Массовая сцена закончилась, громко звучит музыка. Все расходятся, но наши герои (подобно большому актеру старого театра) – последними! Леонов громко (все равно зрители теперь уж ничего не слышат – музыка заглушает) спрашивает о чем-то у Козлова, тот по-доброму, шутя, пугает его топором, а Леонов – ангел! – очень зло замахивается на него буханкой… В зале смех. Покидая сцену, Козлов резко меняет направление своего движения и длинноватыми досками больно хлопает по Леонову, который, не разобравшись, откуда удар, ищет обидчика в направлении, противоположном движению партнера. Лицо растерянное, ребячье, чистое, дурашливое! Он один на сцене. Аплодисменты!!!
Прошло полвека, но до сих пор стоит в глазах эта сцена и оба моих любимых артиста! Минимальные, ими же придуманные средства выражения, отсутствие текста, а художнический эффект велик: тут тебе и элементы перевоплощения, и характер, и биография образа. И доказательство формулы: «Нет маленьких ролей, есть маленькие артисты». Клянусь, никого из исполнителей центральных ролей в том спектакле, убей, не помню! И как бы ни было им обидно, но лишь исполнители тех бессловесных ролей («колхозники» – и все) Е. Леонов и И. Козлов стали известными артистами, мастерами! И это закономерно! Урок! Многим! И мне тоже! Уже тогда, давно, я сказал про Женю Леонова: «Мал золотник, да дорога у него большая!»
Он служил в трех театрах, и мне казалось, что это могло затормозить его рост как театрального артиста: ведь приход в новый театр отнимает много времени и энергии на адаптацию… Я ошибался. Цитата из статьи Олега Янковского: «Леонов актер, который умел созидать не только роли, а умел созидать счастливое состояние театра. Так было в театре имени Станиславского, в театре имени Маяковского и так, буквально в день его прихода, почувствовалось в Ленкоме. Он как большая серьезная материя – и в буквальном, и в переносном, и в философском смысле – притягивает к себе».

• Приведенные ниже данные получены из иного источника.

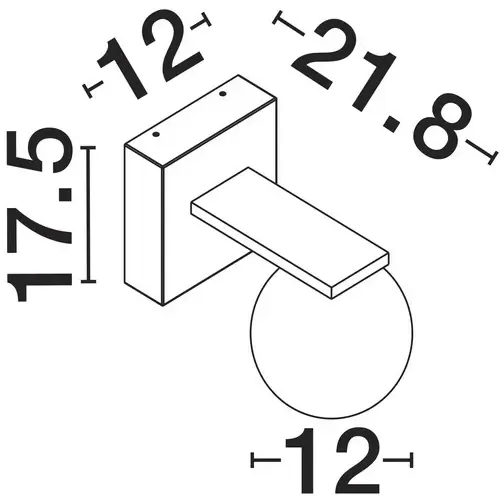 Okrągły kinkiet ścienny do jadalni CELANTO LE75144 LED 9W 3000K biały rdzawy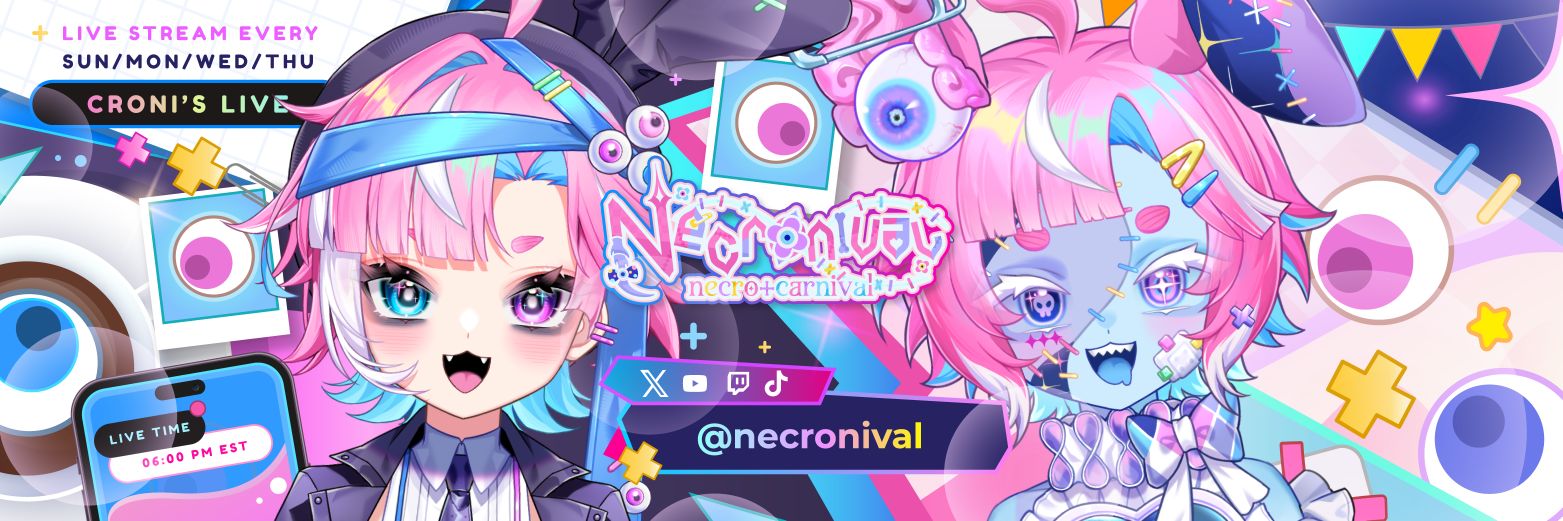 Croni 🍭🎀【VTUBER】's banner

Очень хорошо сказано! Привел я эти слова потому, что мой словесный эскиз к этой теме был зафиксирован в дневнике, но не доведен до завершения: «Леонов – это не просто судьба большого артиста, это еще и тема для серьезнейших раздумий о судьбе, о долге, скромности, парадоксе. Это многое еще, еще и еще».
Из последнего огоньковского интервью: ЛЕОНОВ: «Это я с вами так разговорился, между прочим. А вообще-то я не такой уж добрый. И хулиганства во мне всякого много. В молодости мы „капустники“ делали. Однажды – на замечательного режиссера Бориса Ивановича Равенских (был он, кстати и Ровенский, и Ровенский, и Равенский, и Ровенских. – Е.В. ). Он очень любил такую мизансцену: все бросаются на землю и начинают ее целовать. Вот мы сделали такой безумно смешной этюд. Пустили музыку из его спектакля „В тиши лесов“ – знаете? „Рос-с-и-я во-ольная…“ Один из нас от страсти грыз биллиард. А Весник изображал дом. Я стучал. „Кто там?“ И я с воплем бросался на землю и кусал ее».
И как кусал! Бешеный Отелло! Землетрясение!
1949 год. Гастроли театра имени Станиславского в Ленинграде. Лето. Белые ночи. Гостиница «Астория». Мальчишник. Играем в домино. Леонов проиграл и прикорнул на диване. (Дирекция театра давала буквально голодавшим артистам немного подработать: грузить и разгружать декорации, «шуметь» во время спектаклей: «изображать» ветер, голоса птиц, взрывы, звон разбитой посуды, цокот копыт… Для этого за кулисами стояла специальная аппаратура… Платили нам за эти имитации горячо желанные 5 рублей.) Дремлет, значит, Женя на диванчике. Чуть-чуть похрапывает… 4 утра. По каменной мостовой Исаакиевской площади проезжает «фиакр» ассенизатора, слышен цокот лошадиных копыт. Женя, не приоткрывая глаз, печально, сквозь сон произносит: «Пять рублей поехало!»
Судьба артиста часто «рулетка»! Сколько талантливых актеров осталось незамеченными, невостребованными, не до конца раскрытыми, не реализовавшими своих способностей. Блаженны те, судьбы которых состоялись, что дало им возможность, пусть даже и не полностью, но все же высказаться и выказать себя.
Я хорошо знаю, что такое эта «рулетка» – на себе испытал… Не знаю, как сложилась бы моя судьба, не сведи она меня с Алексеем Денисовичем Диким, проявившим буквально отеческое внимание ко мне, следившим за моими проявлениями на театре, в кино, да и на эстраде. И что главное – помогавшим реализовывать их!